Keine Lust auf kritische Journalisten: Milorad Dodik. Bild: reuters

Die bosniakische (muslimische) Bevölkerungsgruppe in Bosnien und Herzegowina umfasst ungefähr 2,2 Millionen Einwohner, von denen jedoch vor allem die städtischen Bevölkerungen laizistisch geprägt sind. Während des Krieges 1992-1995 und danach aber hat die Religion an Einfluss zurückgewonnen. Der traditionelle bosnische Islam ist durch den türkischen Islam und die geistig weltoffene persische Strömung der Hanefiten geprägt. Der moderne bosnische Islam akzeptiert die Gewaltenteilung im Staat, tritt ein für die Integration in ein demokratisches Europa und wird deshalb seit kurzem als "europäischer Islam" definiert.
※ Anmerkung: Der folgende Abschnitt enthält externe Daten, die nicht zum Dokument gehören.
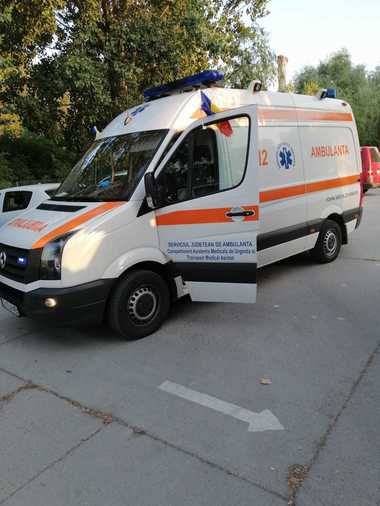 Un microbuz în care se aflau şase persoane s-a răsturnat în judeţul Sălaj/ Două persoane au avut nevoie de îngrijirile medicilor
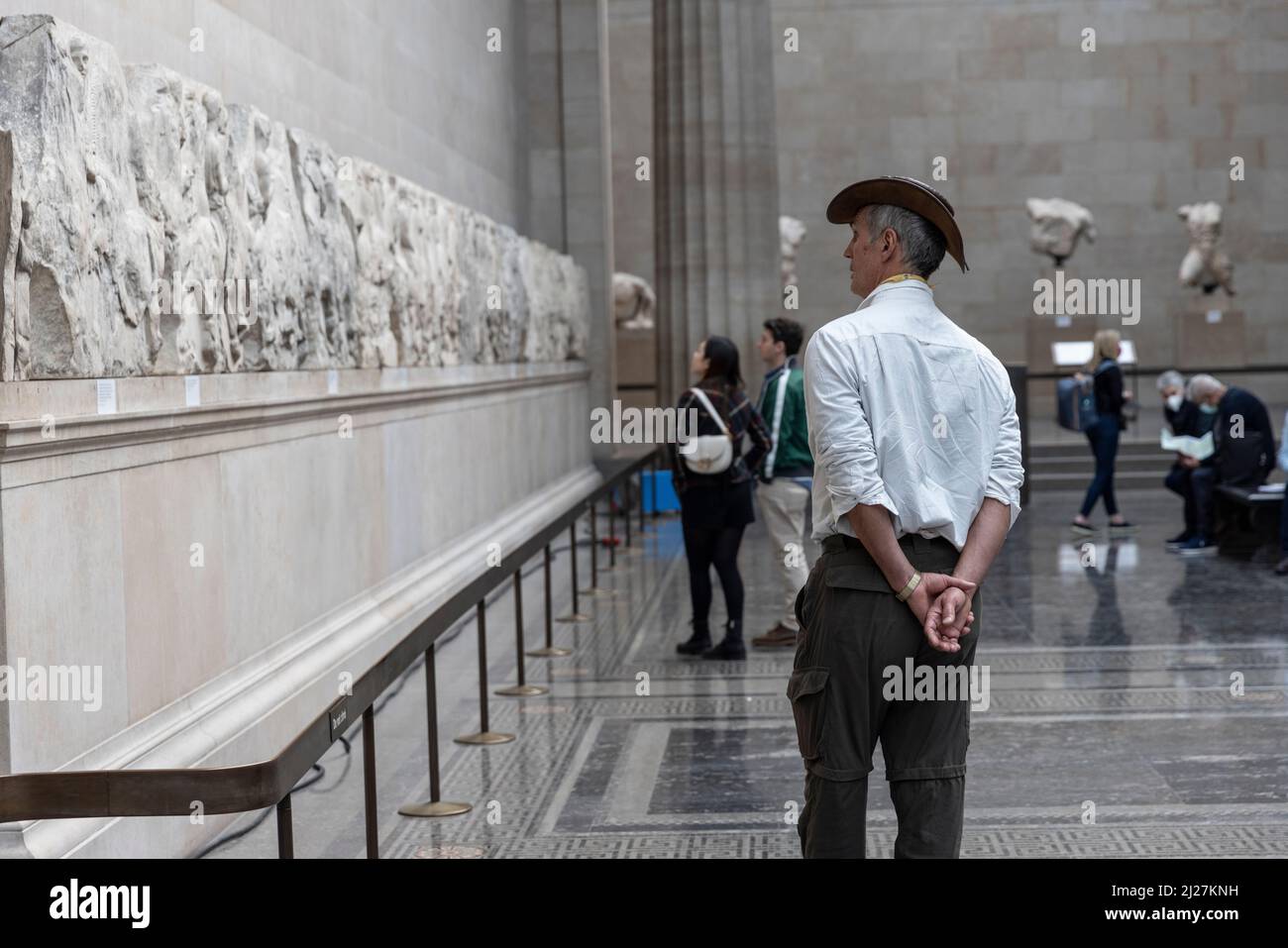 Griechische Parthenon-Murmeln und Skulpturen, aus dem Tempel der Athene, besser bekannt als die "Elgin-Murmeln", British Museum, London, Großbritannien Stockfoto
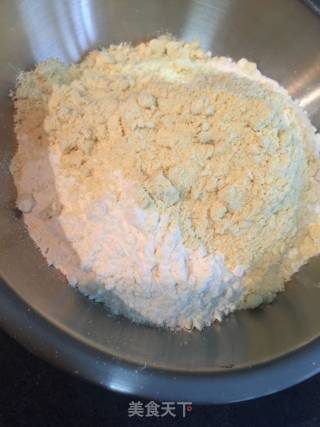 黄豆粉松饼的做法步骤：1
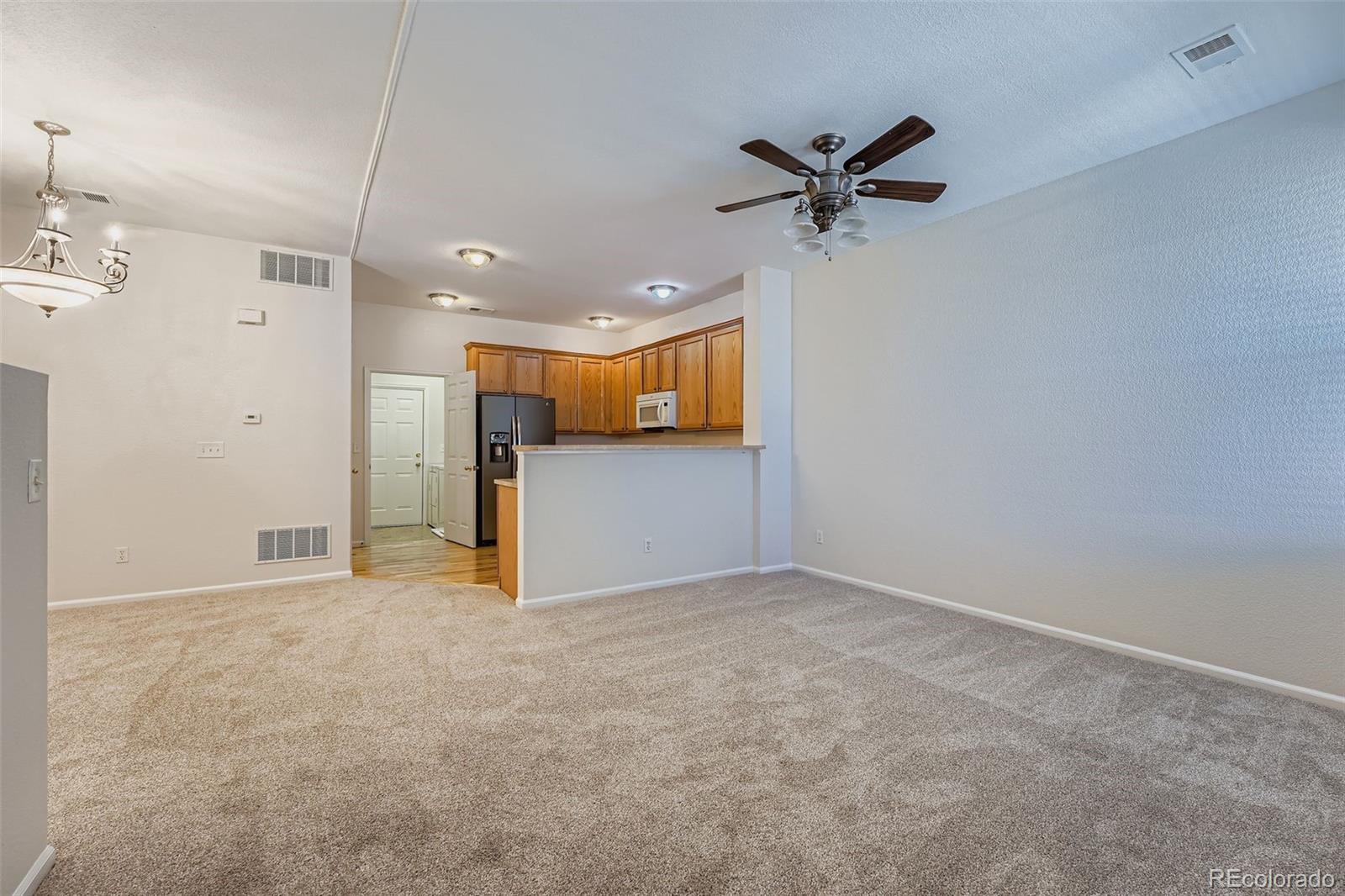 6725 S Versailles Way Unit: 103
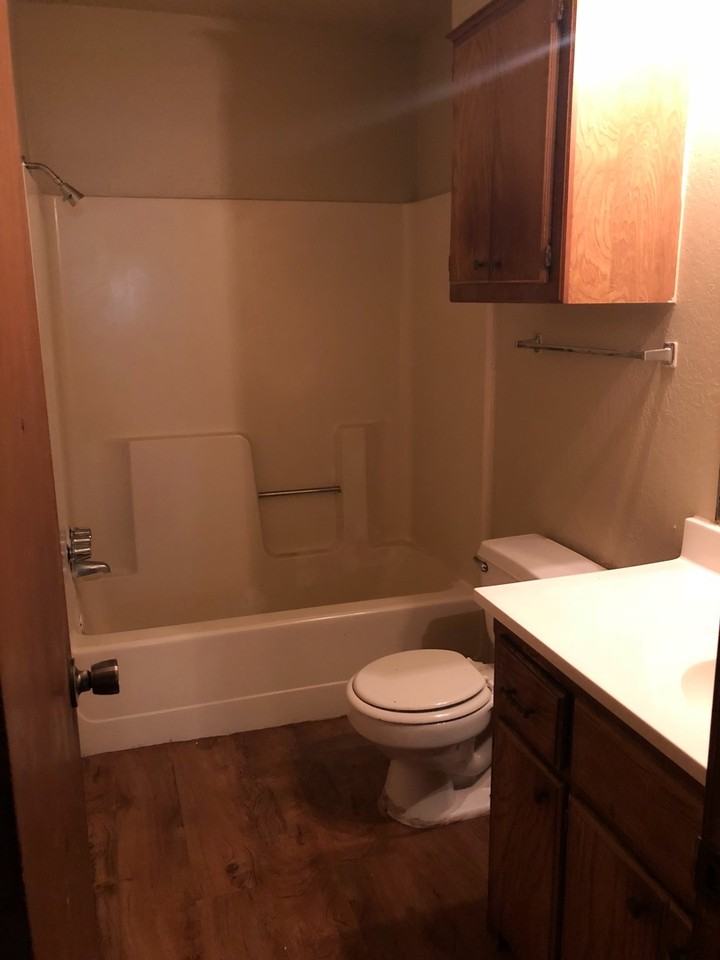 2119 Southwest 31st Street - Photo 6 of 8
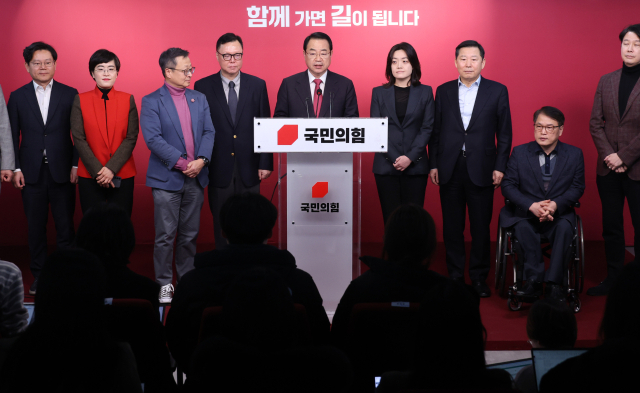 국민의힘 정영환 공천관리위원장과 위원들이 25일 서울 여의도 당사에서 1차 공천 결과를 발표하고 있다. 연합뉴스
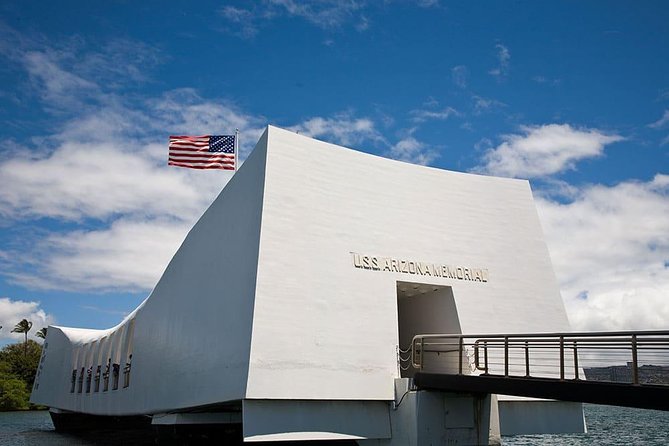 Pearl Harbor Deluxe Uncovered Tour With Lunch - Cancellation Policy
Seit dem Krieg hat sich um die Zeitschrift Saff eine radikalere Strömung entwickelt, die sich an die islamischen Länder anlehnen möchte und den westlichen Einfluss ablehnt. Die von Saudi-Arabien finanzierten Wahhabiten versuchen gegen den Widerstand der proeuropäischen Traditionalisten in dieser Szene Fuß zu fassen. ER

Auf den Straßen bewegen sich nur wenige Autos. Und Verabredungen müssen abgesagt werden. Denn der Montagabend gehört dem inzwischen schon legendären Fernsehjournalisten Bakir Hadziomerovic mit seinem kritischen Politmagazin "60 Minuten" im Fernsehen der bosniakisch-kroatischen Föderation. Die Sendung ist beliebt beim normalen Volk und wird gehasst von den Mächtigen, den Korrupten, den Nationalisten und religiösen Fanatikern.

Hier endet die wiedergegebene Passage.